This is going to be a rather large question from me since it requires deep and thorough understanding of the problem and also various approaches taken up to now for the optimal solution.
For this matter, I will create a blog later on this as it requires little bit of time from my side to write up the contents and so forth.So, I will provide my blog link once it's ready.
Nevertheless, I am posting this so that we can get started discussing.
First thing first:
The problem is as follows:
Write an efficient algorithm that searches for a value in an n x m table (two-dimensional >array). This table is sorted along the rows and columns — that is,
Table[i][j] ≤ Table[i][j + 1] Table[i][j] ≤ Table[i + 1][j].
Here to be noted that each rows and columns are monotonically sorted i.e. each rows and columns are sorted in non-decreasing (lexicographical) order.
For the actual problem and a nice discussion on this problem, click on the following link:
Note:This post has part 1,2 and 3.
Hong Shen, from Griffith University, Australia in December 27, 1995 published the optimal solution for this problem to be O(mlog(2n/m)) for a serial algorithm.
Hong Shen-- Generalized Optimal Matrix Search
Since then a lots of forum discussions, blogs, and online and offline articles and publications have been made on this, but as of today, as far as I know, O(((log(n))2) is the best claimed on this article with Improved Binary Search.

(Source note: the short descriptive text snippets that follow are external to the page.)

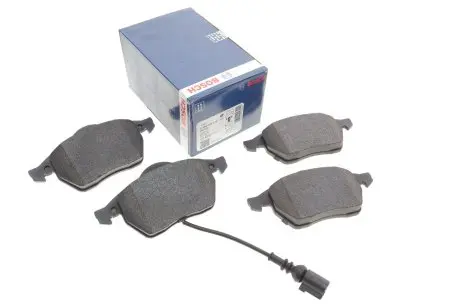 0986494018 Колодка торм. диск. AUDI TT, SEAT LEON, SKODA, VW передн. (пр-во Bosch) BOSCH подбор по vin на Brocar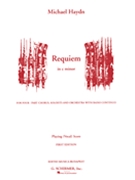 Requiem by Haydn Michael for SATB
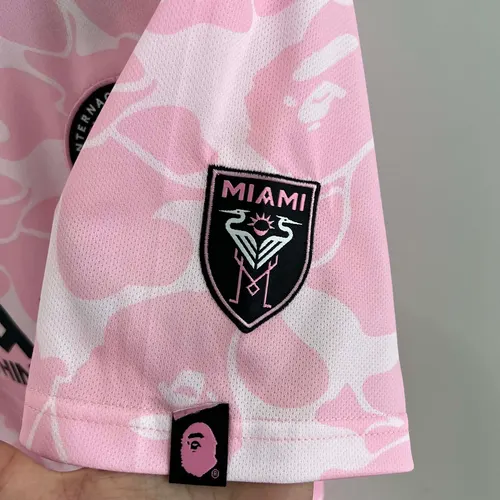 2023/2024 Inter Miami Sonder-Edition Pink Fußballtrikot  — view 7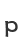 p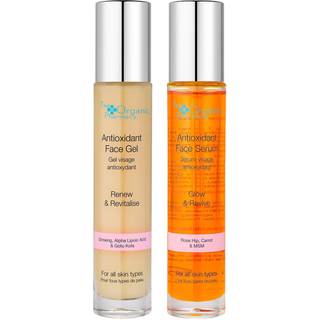 The Organic Pharmacy Antioxidant Face Gel & Serum DUO 70 ml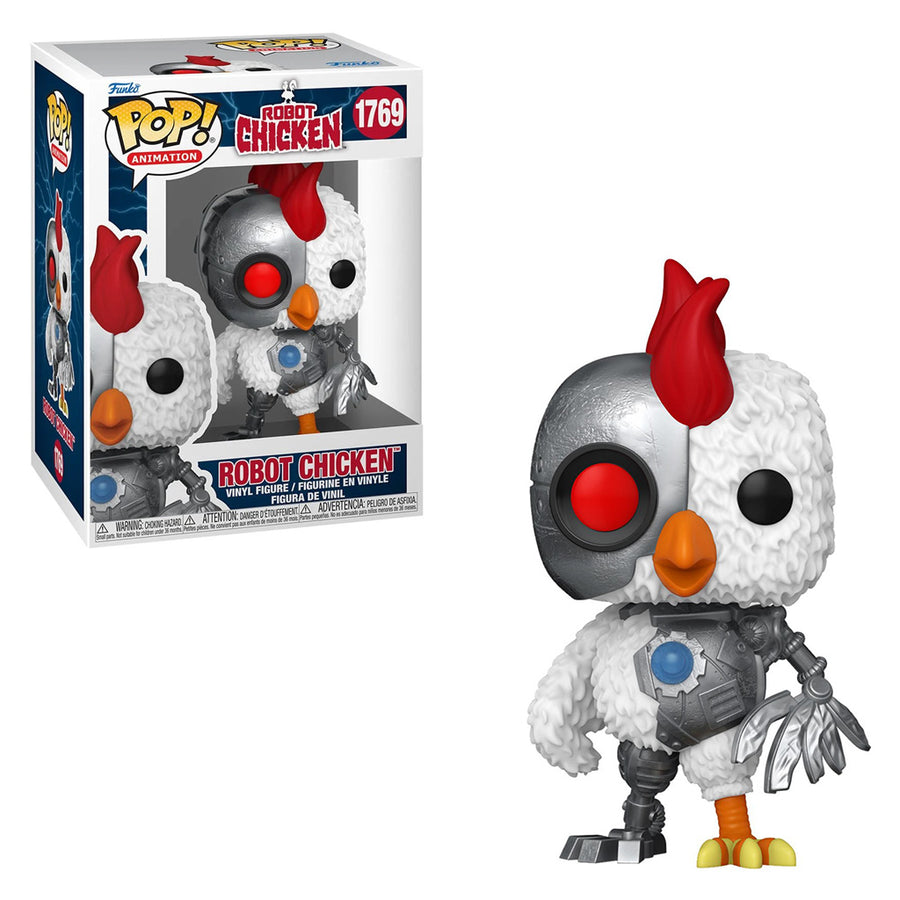 FUNKO POP ANIMATION ROBOT CHICKEN 1769 BRINDE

Even though the detailed algorithm has not been provided.
Now, I have done different variations of solutions on this problem in the hope to bring the optimal solution to be lower than the current best(I think)
However, I am not that good at the analysis of time complexities of algorithms.

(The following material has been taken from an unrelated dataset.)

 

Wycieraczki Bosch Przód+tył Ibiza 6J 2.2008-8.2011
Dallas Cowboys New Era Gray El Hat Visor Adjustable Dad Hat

The following is just one of them. As we come up with decisions I will keep providing others and thus come up with the best with all your helps.
Here's the first one for you to analyze the time complexity
/* NIAZ MOHAMMAD
IntPol2d.cpp
1. Find the interpolated mid along column
2. Compare key with each elements in row-wise
along the found mid column
3. IF failed
DO
RECURSIVE call to IntPol2d
a. IF(key > a[row][mid])
THEN SET l = mid + 1 and d = row - 1;
b. ELSE set r = mid -1 and u = row;
*/
bool intPol2d(int mat[][6], int M, int N, int target, int l, int u, int r, int d, int &targetRow, int &targetCol,int &count) {
count++;
if (l > r || u > d) return false;
if (target < mat[u][l] || target > mat[d][r]) return false;
int mid = l + ((target - mat[u][l])*(r-l))/(mat[d][r]-mat[u][l]);
int row = u;
while (row <= d && mat[row][mid] <= target)
{
if (mat[row][mid] == target)
{
targetRow = row;
targetCol = mid;
return true;
}
row++;
}
return intPol2d(mat, M, N, target, mid+1, u, r, row-1, targetRow, targetCol,count) ||
intPol2d(mat, M, N, target, l, row, mid-1, d, targetRow, targetCol,count);
}
If you require the whole executable code, please let me know.
Thanks for your patience and help and see ya on the discussion board :
Note: @ Admins or moderators, let me know if this is not the right place for this type of lengthy question, then I will move to my blog.